### Records for processing:
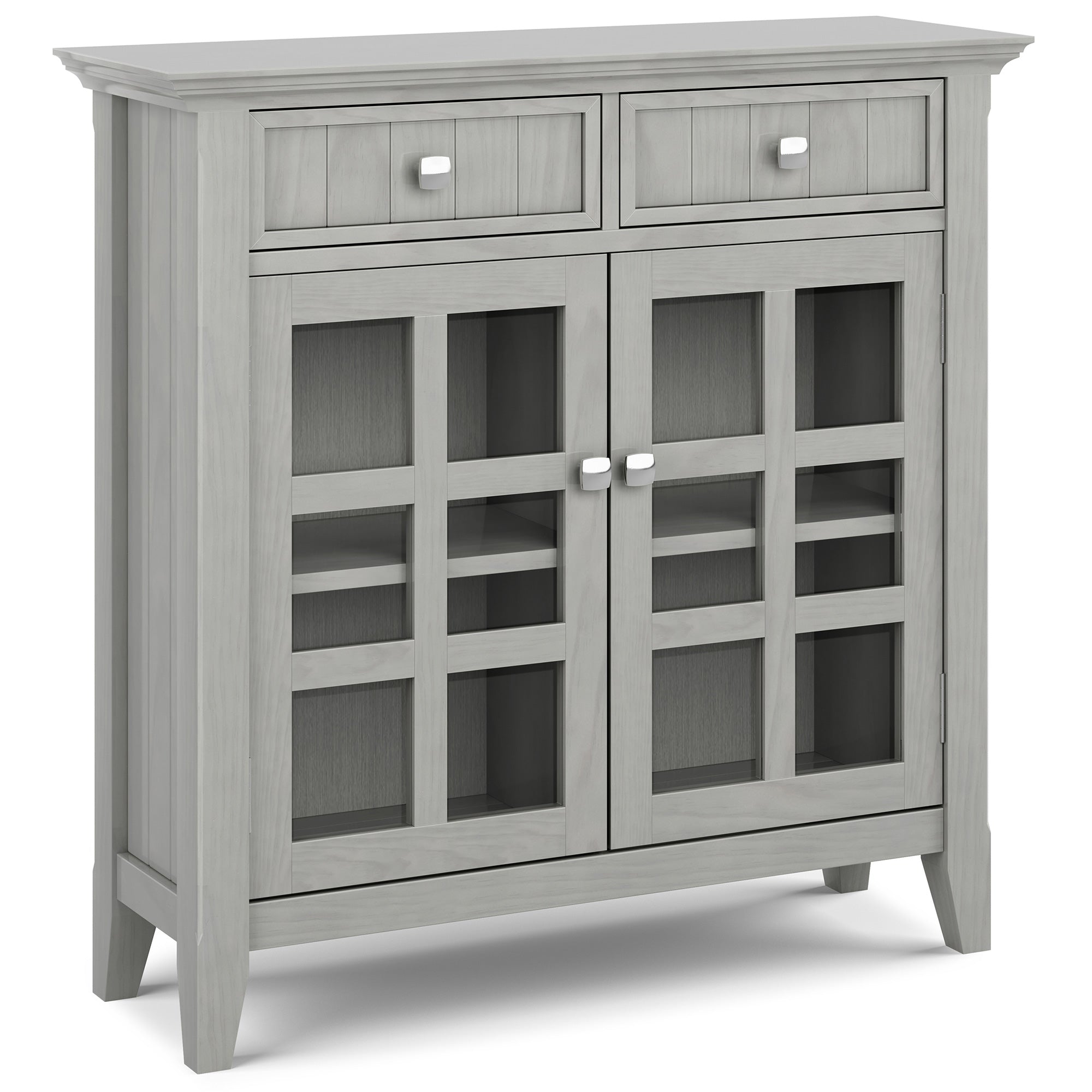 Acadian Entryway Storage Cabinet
==
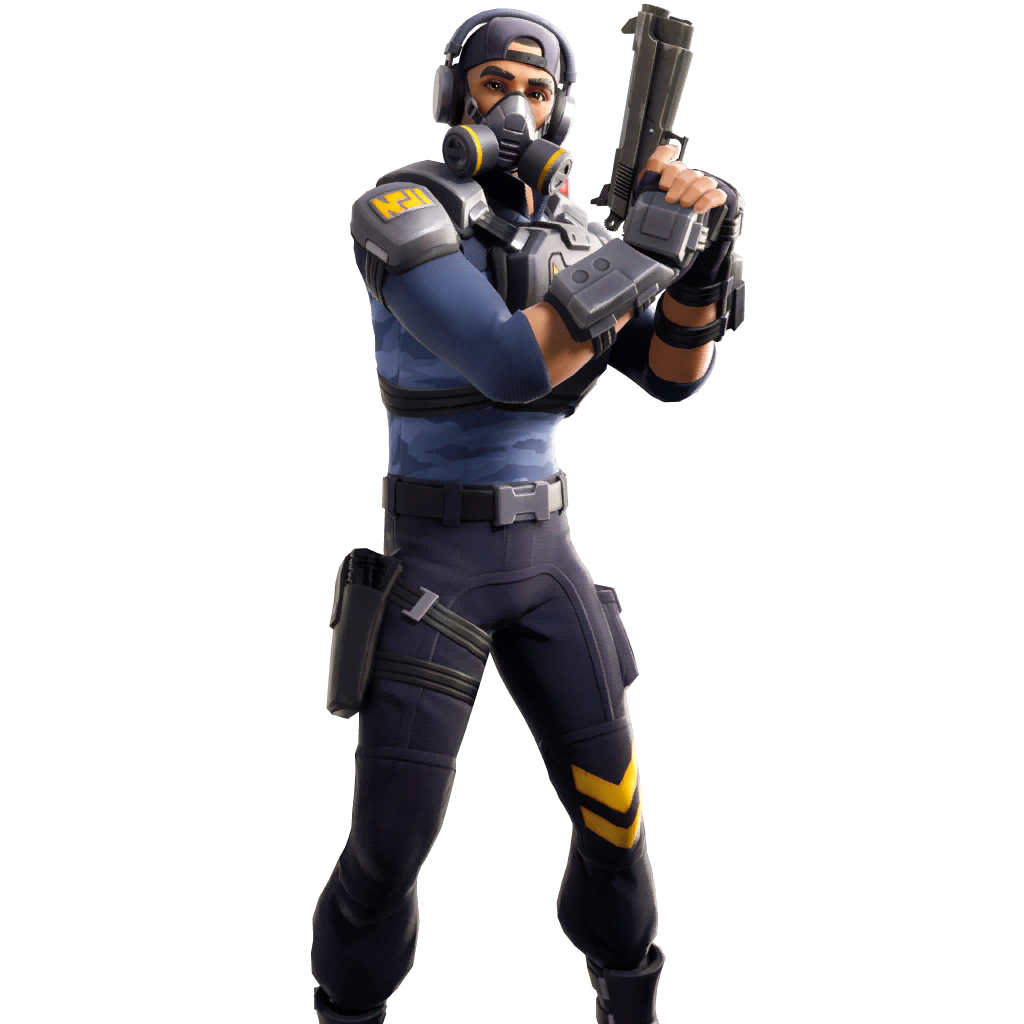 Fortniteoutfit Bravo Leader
--
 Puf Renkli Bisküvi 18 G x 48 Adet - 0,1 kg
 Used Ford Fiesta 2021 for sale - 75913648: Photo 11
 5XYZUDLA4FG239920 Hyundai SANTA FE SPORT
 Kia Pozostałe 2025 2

### Task to complete:
Once you reach the line with "5XYZUDLA4FG239920 Hyundai SANTA FE SPORT" in the data above, copy it and every line after it exactly, up to and including the line with "Kia Pozostałe 2025 2".

### Result for this exercise:
 5XYZUDLA4FG239920 Hyundai SANTA FE SPORT
 Kia Pozostałe 2025 2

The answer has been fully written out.